Arizona Lawmaker Wants Dyslexia Handbooks In Public Schools To Help Learning-Disabled Students

A lawmaker in Arizona is proposing that its state's public schools, as well as charter schools, should have a handbook on dyslexia. Rep. Jill Norgaard has filed a bill to make this happen to give students with dyslexia a better chance to graduate from high school.

Norgaard believes having the handbook on dyslexia, filed under HB 2202, would help with how schools can approach and satisfy the learning needs of its students. It would give schools a consistent and standardized process or help with dyslexia early intervention.

Arizona school districts currently have different approaches in teaching learning-disabled students. Norgaard is hoping to follow similar guidelines from dyslexia handbooks already created in 14 American states, including Alabama, Ohio and Texas, according to Cronkite News.

Meanwhile, a Dutch expert believes poor educators contributed to the increase in dyslexia diagnosis since 2007. Professor Anna Bosman noted that several kids might have been improperly diagnosed with the condition when they could not be learning-disabled at all.

"We forget to check whether good education was provided," the professor said, according to NL Times. She believes educators aren't properly teaching and drilling the kids, thus they do not develop and improve as expected academically.

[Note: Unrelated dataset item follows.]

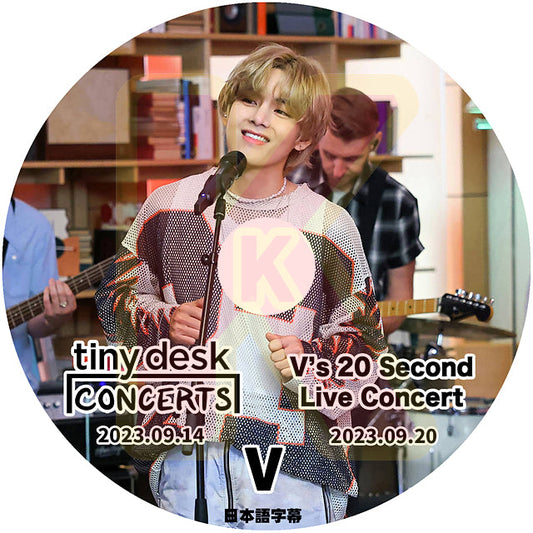 K-POP DVD バンタン V TINY DESK CONCERT + 20 Second Live 2023.09.14/09.20 日本語字幕あり テテ ヴィ Kim Tae Hyung キムテヒョン BANGTAN KPOP DVD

A study published in the National Institutes of Health noted that students with dyslexia and reading disabilities have a higher dropout rate compared to other students. There is about 13 to 14 percent of students who are most likely challenged by this learning disorder, according to the Dyslexia Association.

Part of the problem is because the approach and medium of instruction do not work for them. Students with dyslexia could also get easily discouraged in school or learning without the proper guidance from the teachers.

Dyslexia affects students in different ways and depending on their condition. Some of the indicators include difficulty in reading, spelling and writing. When overlooked, it can not only lead to academic problems but also communication and self-image issues when the students become adults in the workplace.